▼

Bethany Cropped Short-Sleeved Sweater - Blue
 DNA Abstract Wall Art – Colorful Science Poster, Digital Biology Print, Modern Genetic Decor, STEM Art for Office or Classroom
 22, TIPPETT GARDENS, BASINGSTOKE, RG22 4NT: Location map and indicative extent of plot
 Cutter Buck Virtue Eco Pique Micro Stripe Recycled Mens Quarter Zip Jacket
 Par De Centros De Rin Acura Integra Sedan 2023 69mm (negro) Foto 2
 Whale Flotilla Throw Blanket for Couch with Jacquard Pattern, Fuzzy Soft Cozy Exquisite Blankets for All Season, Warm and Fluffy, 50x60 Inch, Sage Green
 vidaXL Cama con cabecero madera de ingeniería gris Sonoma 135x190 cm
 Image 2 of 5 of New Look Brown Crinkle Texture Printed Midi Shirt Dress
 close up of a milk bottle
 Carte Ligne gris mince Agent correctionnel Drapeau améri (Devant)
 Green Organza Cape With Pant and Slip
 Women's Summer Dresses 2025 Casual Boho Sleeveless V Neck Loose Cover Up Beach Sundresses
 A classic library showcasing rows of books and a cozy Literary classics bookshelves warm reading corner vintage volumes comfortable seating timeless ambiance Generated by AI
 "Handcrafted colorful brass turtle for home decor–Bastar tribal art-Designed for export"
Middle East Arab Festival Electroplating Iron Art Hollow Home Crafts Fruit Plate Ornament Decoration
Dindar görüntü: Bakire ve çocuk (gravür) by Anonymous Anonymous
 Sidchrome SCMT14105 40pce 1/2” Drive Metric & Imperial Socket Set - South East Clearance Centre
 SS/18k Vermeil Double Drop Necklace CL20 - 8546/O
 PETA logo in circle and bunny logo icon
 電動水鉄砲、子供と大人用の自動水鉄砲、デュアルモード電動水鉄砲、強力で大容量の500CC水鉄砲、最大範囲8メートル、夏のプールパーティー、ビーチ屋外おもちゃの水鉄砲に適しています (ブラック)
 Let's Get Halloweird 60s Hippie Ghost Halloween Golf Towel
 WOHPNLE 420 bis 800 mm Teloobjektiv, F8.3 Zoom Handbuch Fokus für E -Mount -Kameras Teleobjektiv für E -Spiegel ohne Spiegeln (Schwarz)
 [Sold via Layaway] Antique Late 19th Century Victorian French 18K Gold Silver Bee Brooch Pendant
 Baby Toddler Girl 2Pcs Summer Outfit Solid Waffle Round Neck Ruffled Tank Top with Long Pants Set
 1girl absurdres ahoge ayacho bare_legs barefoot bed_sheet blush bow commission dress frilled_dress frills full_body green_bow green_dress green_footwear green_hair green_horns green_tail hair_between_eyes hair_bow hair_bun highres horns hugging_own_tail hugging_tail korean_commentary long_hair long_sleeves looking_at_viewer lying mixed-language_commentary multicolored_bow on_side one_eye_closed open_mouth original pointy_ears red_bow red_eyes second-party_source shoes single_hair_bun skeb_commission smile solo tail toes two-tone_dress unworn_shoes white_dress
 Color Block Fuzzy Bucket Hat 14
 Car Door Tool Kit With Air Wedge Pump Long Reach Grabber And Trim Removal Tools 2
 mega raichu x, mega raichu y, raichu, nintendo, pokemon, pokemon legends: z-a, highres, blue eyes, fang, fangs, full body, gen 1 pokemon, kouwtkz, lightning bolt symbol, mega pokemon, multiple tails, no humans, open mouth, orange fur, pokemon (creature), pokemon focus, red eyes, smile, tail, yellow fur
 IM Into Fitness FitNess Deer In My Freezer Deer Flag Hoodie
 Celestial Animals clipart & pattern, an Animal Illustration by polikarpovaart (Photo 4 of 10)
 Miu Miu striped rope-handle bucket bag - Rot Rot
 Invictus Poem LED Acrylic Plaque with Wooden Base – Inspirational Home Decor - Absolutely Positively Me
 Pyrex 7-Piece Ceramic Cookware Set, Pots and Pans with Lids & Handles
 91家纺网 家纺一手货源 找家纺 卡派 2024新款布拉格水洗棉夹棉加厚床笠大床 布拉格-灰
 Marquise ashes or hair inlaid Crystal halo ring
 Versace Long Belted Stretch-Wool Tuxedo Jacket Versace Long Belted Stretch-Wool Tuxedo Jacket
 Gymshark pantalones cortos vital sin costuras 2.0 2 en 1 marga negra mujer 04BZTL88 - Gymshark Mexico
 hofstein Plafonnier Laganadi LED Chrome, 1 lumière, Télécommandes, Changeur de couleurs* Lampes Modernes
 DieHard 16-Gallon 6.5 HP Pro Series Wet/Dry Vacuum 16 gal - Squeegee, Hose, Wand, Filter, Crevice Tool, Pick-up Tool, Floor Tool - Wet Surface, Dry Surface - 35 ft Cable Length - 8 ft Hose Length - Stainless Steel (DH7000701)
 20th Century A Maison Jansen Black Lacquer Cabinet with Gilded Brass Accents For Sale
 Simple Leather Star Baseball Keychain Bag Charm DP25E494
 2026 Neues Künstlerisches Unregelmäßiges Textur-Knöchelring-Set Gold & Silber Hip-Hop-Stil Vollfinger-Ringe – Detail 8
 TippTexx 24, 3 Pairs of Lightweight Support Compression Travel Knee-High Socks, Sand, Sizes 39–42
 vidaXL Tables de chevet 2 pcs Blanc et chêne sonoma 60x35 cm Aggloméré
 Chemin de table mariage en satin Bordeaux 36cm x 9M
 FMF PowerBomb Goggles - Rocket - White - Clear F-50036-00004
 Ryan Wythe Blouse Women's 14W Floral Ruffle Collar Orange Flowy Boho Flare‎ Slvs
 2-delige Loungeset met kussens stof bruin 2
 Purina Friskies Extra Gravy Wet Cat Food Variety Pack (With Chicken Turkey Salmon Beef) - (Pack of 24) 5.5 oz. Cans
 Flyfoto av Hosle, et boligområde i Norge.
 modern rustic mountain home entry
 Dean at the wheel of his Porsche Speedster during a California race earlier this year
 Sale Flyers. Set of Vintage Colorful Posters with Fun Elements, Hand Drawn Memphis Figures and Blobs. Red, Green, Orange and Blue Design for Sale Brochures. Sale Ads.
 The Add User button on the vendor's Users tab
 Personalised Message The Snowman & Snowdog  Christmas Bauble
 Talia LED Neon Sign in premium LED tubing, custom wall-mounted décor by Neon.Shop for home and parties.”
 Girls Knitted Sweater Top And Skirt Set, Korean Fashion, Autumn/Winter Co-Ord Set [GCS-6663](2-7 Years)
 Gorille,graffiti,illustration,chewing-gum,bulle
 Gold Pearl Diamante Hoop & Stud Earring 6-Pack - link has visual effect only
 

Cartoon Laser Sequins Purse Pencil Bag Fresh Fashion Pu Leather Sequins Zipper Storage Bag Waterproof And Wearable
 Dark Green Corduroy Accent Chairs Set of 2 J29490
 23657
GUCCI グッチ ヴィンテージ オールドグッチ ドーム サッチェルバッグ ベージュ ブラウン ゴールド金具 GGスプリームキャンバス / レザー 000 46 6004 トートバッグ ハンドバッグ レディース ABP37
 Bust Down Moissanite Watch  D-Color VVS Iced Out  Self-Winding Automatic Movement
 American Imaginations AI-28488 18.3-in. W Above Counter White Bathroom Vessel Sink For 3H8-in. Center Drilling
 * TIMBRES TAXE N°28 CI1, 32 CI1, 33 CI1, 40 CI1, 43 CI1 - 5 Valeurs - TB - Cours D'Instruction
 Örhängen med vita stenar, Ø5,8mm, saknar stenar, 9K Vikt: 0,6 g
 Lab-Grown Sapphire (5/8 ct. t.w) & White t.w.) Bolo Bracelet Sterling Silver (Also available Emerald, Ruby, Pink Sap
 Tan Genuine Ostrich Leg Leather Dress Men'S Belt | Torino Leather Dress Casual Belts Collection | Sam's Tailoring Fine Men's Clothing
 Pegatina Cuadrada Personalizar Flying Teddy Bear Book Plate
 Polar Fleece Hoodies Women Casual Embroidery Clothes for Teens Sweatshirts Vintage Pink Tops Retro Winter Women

▲

- [EXERCISE DETAILS]
Where does the word "Boho" show up in the material? Copy out each line that has it.

- [RESULT OF THIS EXERCISE]
 Women's Summer Dresses 2025 Casual Boho Sleeveless V Neck Loose Cover Up Beach Sundresses
 Ryan Wythe Blouse Women's 14W Floral Ruffle Collar Orange Flowy Boho Flare‎ Slvs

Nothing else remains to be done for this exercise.